I basically converted one function at a time, and split the drawing and processing into different functions for readability and to more fit in with the framework's expectation of code placement:  Namely the Update function is there for code placement of non-drawing code, and Draw is there for actual sprite/background drawing.

The game could still be considered a work in progress, but it's pretty much fully playable.  The only thing that doesn't work is the exit button on screen.  However, i have included xbox 360 controller support via x and y, start and exit buttons, and the gamepad.  

There have been light adjustments to the way the sprites move, but probably the biggest change is that thanks to rotation, i no longer have a different sprite for each direction.  

Issue:  Spider graphic is not transparent.
Issue:  No code to support exiting by clicking button, but close box works.  It didn't work in the original either.
Issue:  Heartbeat sound doesn't loop properly.  This isn't a code issue.  The sound itself is corrupted.
Issue:  High scores aren't stored.  This is in fact intentional.
Change:  Form size is fixed
Change:  Xbox 360 controller support
Change:  Code clean-up (but it's still a wreck)
Change:  XNA instead of DX7
Change:  C# instead of vb6

Requirements:  XNA Studio 4.0, VC# 2010, Updated DirectX.

I will be doing a complete re-write of this from the ground up soon to take advantage of what i've learned, and use per-pixel placement of items and movement instead of a grid.

If anyone is interested in doing some artwork, i could use some tile graphics.  The new version will have 20x20 tiles, and i'm not good enough to make it look good.

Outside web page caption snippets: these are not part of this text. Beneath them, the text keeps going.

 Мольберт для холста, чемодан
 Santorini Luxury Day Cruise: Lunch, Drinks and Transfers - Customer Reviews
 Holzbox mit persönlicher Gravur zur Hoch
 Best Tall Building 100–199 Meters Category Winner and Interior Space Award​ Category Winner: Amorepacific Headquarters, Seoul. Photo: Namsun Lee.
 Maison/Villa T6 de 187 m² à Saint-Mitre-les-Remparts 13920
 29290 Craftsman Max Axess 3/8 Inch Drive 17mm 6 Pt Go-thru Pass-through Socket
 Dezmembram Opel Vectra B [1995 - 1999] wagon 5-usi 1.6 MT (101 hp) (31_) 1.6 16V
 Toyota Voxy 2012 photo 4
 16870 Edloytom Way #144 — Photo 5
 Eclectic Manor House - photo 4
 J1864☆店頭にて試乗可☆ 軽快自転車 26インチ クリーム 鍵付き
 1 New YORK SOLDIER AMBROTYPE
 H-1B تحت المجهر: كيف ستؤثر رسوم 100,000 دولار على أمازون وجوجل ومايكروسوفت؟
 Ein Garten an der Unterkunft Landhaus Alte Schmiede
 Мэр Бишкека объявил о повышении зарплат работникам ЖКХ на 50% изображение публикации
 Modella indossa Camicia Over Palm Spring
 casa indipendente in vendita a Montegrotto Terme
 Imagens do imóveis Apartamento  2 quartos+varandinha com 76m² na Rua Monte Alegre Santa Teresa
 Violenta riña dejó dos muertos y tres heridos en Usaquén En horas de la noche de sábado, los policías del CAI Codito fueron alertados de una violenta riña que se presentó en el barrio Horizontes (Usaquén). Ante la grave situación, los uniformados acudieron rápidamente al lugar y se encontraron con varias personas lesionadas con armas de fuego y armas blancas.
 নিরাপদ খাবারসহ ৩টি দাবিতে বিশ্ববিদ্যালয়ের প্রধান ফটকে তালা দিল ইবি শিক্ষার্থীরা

If you use any code in here, gimme credit.  :Wink:

----------


## Lord Orwell

i found a package someone wrote on line that allows you to use any joystick with any existing xna game that supports the xbox 360 controller.  It is called xbox360cemu and there's a google code page for it.  You simply drag and drop the files into the directory with the .exe.  As you all know, when a .dll is called, the os looks in the current directory first.  I have gotten my standard usb controller to work not only with this, but Skyrim, Batman Arkham Asylum and Borderlands (although i had to leave out one of the files for it to work in skyrim).  I have not been able to confirm the licensing on the package, so i can't recommend including it in your packages.  I also don't have an actual 360 controller any more to test to see if it messes up functionality of a real one.

----------


## Lord Orwell

(many months later) I just recently got this to work in visual studio 2017, although xna studio won't directly install in it.  If you are running a version of visual studio newer than 2010, follow this guide to get it running in 2017:  http://flatredball.com/visual-studio-2017-xna-setup/ it's fully functional and works as intended, even though you get a warning saying it's not compatible.

----------


## Lord Orwell

XNA has been deprecated but Mono is basically the exact same thing since it was designed as an open-source replacement.  This project will mostly work as-is with mono added, but you'll have to do the hard work of modifying it to change the namespaces.

----------